Ciğerlerimiz yandı!
Henüz 18 yaşındaydım. Stajyer muhabir olarak işe başlamıştım. Gündüz okul, gece çalışıyordum. Saat 23 sularıydı, polis telsizinden cayır cayır anonslar geçmeye başladı, Nif Dağı’nda orman yangını çıkmıştı. Fırladık tabii…
Orman yangını denilen hadiseyi hayatımda ilk kez orada gördüm.
O güne kadar ben de sizler gibi sadece gazete sayfalarında veya televizyonda görmüştüm. Yakından hiç de öyle değildi…
İnanılmaz bir gürültü, derinden gelen bir uğultu vardı, sanki ağaçlar yanmıyor da, yanardağ patlıyor gibiydi, yer yarılıyormuş gibiydi, ağaçların arasından koştura koştura fil sürüsü çıkacakmış gibiydi.

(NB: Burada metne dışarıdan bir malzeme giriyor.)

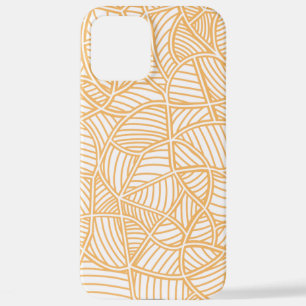 Coque iPhone 12 Pro Max Mosaïque feuille aléatoire pâle orange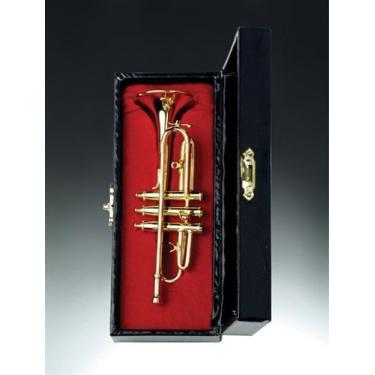 Imagem de Trompete dourado de 6,3 cm com estojo réplica em miniatura de instrumento musical musical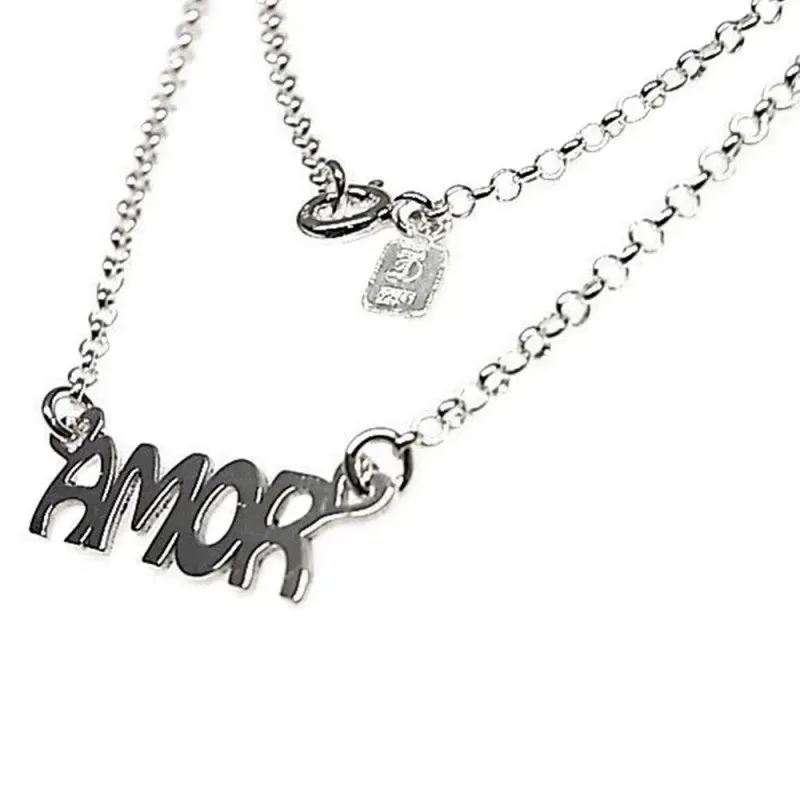 Gargantilla plata Ley 925m 42cm. palabra AMOR cadena rolo [AB6083]
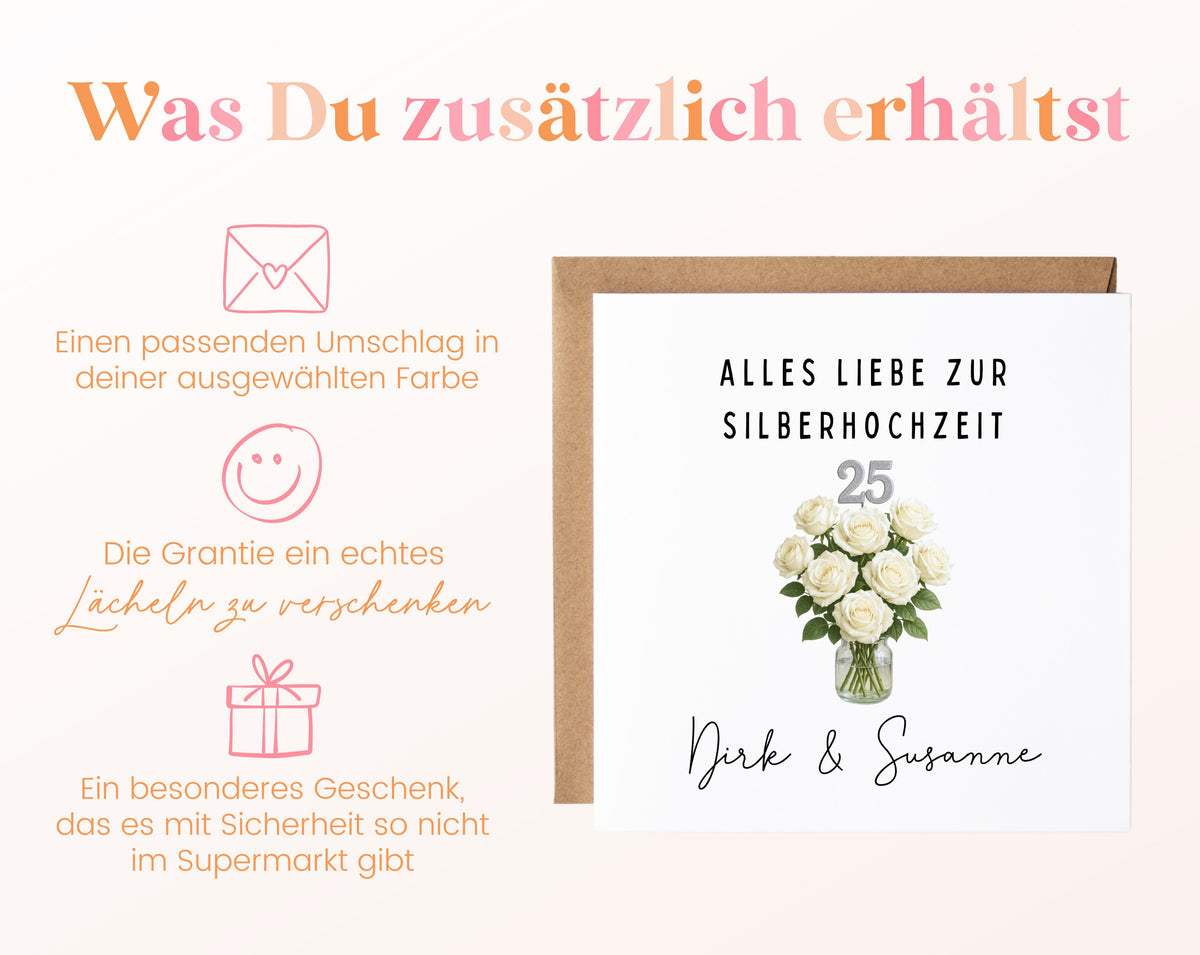Silberhochzeit Karte - Rosenstrauß - personalisiert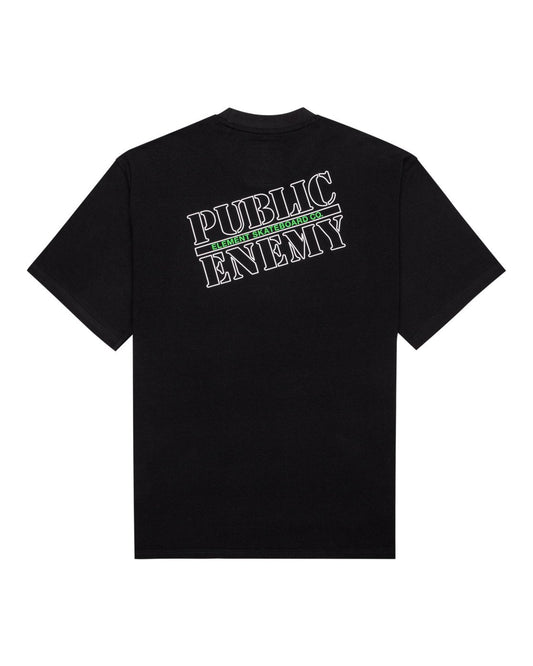 Element Tee x Public Enemy Pexe Logo Flint Black Skateboard T-Shirt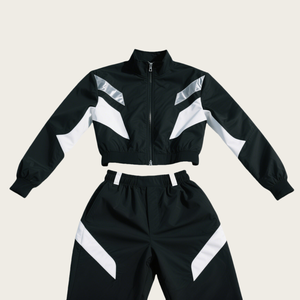 OEM LOGO personnalisé combinaison de course épissage vêtements de sport amples unisexe fermeture éclair vers le haut vestes coupe-vent extérieur Patchwork nylon hommes survêtement - Product Image 1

Kor haline gelmiş kozalaklar, tetiğine basılmış mermi gibi, şarapnel gibi etrafa saçılıyordu, 20 metre uzağı, 30 metre uzağı tutuşturuyordu, ormanın öfkesi adeta makineli tüfekle ateş eder gibiydi.
Gündelik kıyafetleriyle, hiçbir koruma olmadan alevlerin üstüne atılan orman işçilerinin ne kadar cesur insanlar olduklarını, isimsiz kahramanlar olduklarını ilk o gece farketmiştim.
Havada geniz yakan, kesif bir is kokusu vardı, soluk almakta güçlük çektiğimi hatırlıyorum.